June 10th, 2006

The rare Seelbach sighted at Chez Henri

Seelbach Hotel

Recently, after a kindly bartender at Eastern Standard sent me home with a bottle of hard-to-find Peychaud’s bitters, I mixed my first Seelbach, a bourbon-and-Champagne-based cocktail born in 1917 at the Seelbach Hotel in Louisville, Kentucky. Oh my god, was it good. I assumed I would never encounter this rare drink outside my own living room. Then one night I met Scott Holliday, bar manager at the Cambridge restaurant Chez Henri. When he took my order, I simply told him that I liked whiskey drinks. A few minutes later, he placed a bubbly, reddish cocktail on my bar napkin — a Seelbach! I wanted to marry the guy. I’m a sucker for drinks that top spirits off with Champagne. Mysteriously, the bubbles both accentuate and mellow the bourbon and bitters, and as a whole the Seelbach conjures up dueling memories of wedding toasts and camping trips. Try this recipe:

The Seelbach (from Gary and Mardee Regan’s New Classic Cocktails)
1 oz bourbon
1/2 oz Cointreau
7 dashes Peychaud’s bitters
7 dashes Angostura bitters
5 oz Champagne
Pour the liquor and bitters into a Champagne flute and stir.
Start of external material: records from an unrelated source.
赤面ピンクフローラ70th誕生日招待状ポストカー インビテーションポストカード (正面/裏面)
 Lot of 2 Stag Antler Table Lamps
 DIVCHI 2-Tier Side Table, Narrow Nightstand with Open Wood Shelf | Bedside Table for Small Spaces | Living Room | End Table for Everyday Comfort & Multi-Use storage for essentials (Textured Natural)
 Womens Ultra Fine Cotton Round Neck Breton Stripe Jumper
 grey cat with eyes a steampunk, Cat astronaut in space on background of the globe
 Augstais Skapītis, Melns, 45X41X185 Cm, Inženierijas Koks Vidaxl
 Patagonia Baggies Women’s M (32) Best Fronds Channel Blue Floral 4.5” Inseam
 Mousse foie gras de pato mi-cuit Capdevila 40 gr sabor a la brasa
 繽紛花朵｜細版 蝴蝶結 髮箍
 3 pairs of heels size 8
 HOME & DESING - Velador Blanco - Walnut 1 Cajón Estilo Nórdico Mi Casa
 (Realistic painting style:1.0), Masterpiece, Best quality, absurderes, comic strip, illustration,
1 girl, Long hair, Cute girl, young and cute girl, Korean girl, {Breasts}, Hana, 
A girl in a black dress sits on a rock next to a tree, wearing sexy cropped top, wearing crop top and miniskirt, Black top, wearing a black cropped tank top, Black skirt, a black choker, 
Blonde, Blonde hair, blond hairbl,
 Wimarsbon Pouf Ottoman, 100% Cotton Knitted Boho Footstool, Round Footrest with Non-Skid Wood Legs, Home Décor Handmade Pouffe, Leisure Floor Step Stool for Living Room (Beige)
Add Champagne and stir again. Garnish with an orange twist.

Note: I prefer to stir the liquor and bitters lightly over ice and then strain them into the Champagne flute before adding the Champagne. It makes a pleasantly chilled drink that is not so cold or watered down that it dulls the spirits’ character.

Permalink | Filed under Boston bars, Cocktails, Whiskey |

4 Responses to “The rare Seelbach sighted at Chez Henri”

  1. Walt

    I made one last night which my boss and I sampled. It was delicious but not cold enough since the bourbon, cointreau, and bitters were at room temperature. I could try stirring those ingredients with ice before straining the solution into the flute and then adding the sparkling wine, but there’s going to be some dilution.

  2. ljclark

    Walt, you are correct. The recipe as cited makes a drink that isn’t cold enough. When I make Seelbachs, I stir all the ingredients minus the champagne over ice for, oh, 10 seconds. This doesn’t water them down too much and makes a really pleasant drink. Make sure your champagne is nice and cold, too. I’ll amend this recipe with this recommendation.

  3. Walt

    Thanks, Lauren. Sounds good. We will give it another shot.

  4. Andre Terreault

    I had one just this past week, at the suggestion of a co-worker … a Seelbach from Louisville …

    Unfortunately, it was however lacking the Peychaud’s bitters as the bar did not have them, and did not know the recipe, they made form a book).

    The results was less than stellar, very very bitter tasting. (to make things worse, we tried after dessert.)